= Search cost =

Search costs are a facet of transaction costs or switching costs and include all the costs associated with the searching activity conducted by a prospective seller and buyer in a market. Rational consumers will continue to search for a better product or service until the marginal cost of searching exceeds the marginal benefit. Search theory is a branch of microeconomics that studies decisions of this type.

The costs of searching are divided into external and internal costs. External costs include the monetary costs of acquiring the information, and the opportunity cost of the time taken up in searching. External costs are not under the consumer's control, and all he or she can do is choose whether or not to incur them. Internal costs include the mental effort given over to undertaking the search, sorting the incoming information, and integrating it with what the consumer already knows. Internal costs are determined by the consumer's ability to undertake the search, and this in turn depends on intelligence, prior knowledge, education and training. These internal costs are the background to the study of bounded rationality.

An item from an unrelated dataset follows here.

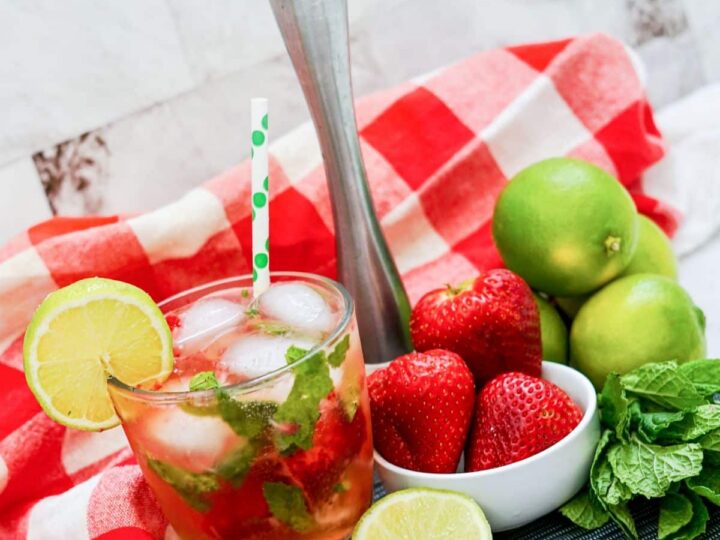 A strawberry mojito garnished with a lime slice and a polka dot straw sits on a red and white checkered cloth. Fresh strawberries, limes, and mint leaves are placed nearby, along with a muddler.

There is an optimal value for search cost. A moderate amount of information maximises the likelihood of a purchase. Too much information to consumers may lead to negative effect. Too little information may not be enough to support consumers' purchasing decisions.

Nonsequential search

When consumers commit to purchasing from the lowest-cost store retailer after acquiring a random sample of l (> 1) costs. A per-price search cost customer selects the number of stores to solicit to minimize the total expected cost or the sum of the total search costs and the expected price for the product.

Sequential search

Unlike nonsequential-search, sequential buyers opt to buy at the lowest price found thus far or do another search one after another. There is a choice value tied to looking again at any price, and the optimum search problem is related to the "optimal stopping" issue.

== Search cost models ==
Numerous search cost models exist to depict the process of consumers searching for alternative goods and services.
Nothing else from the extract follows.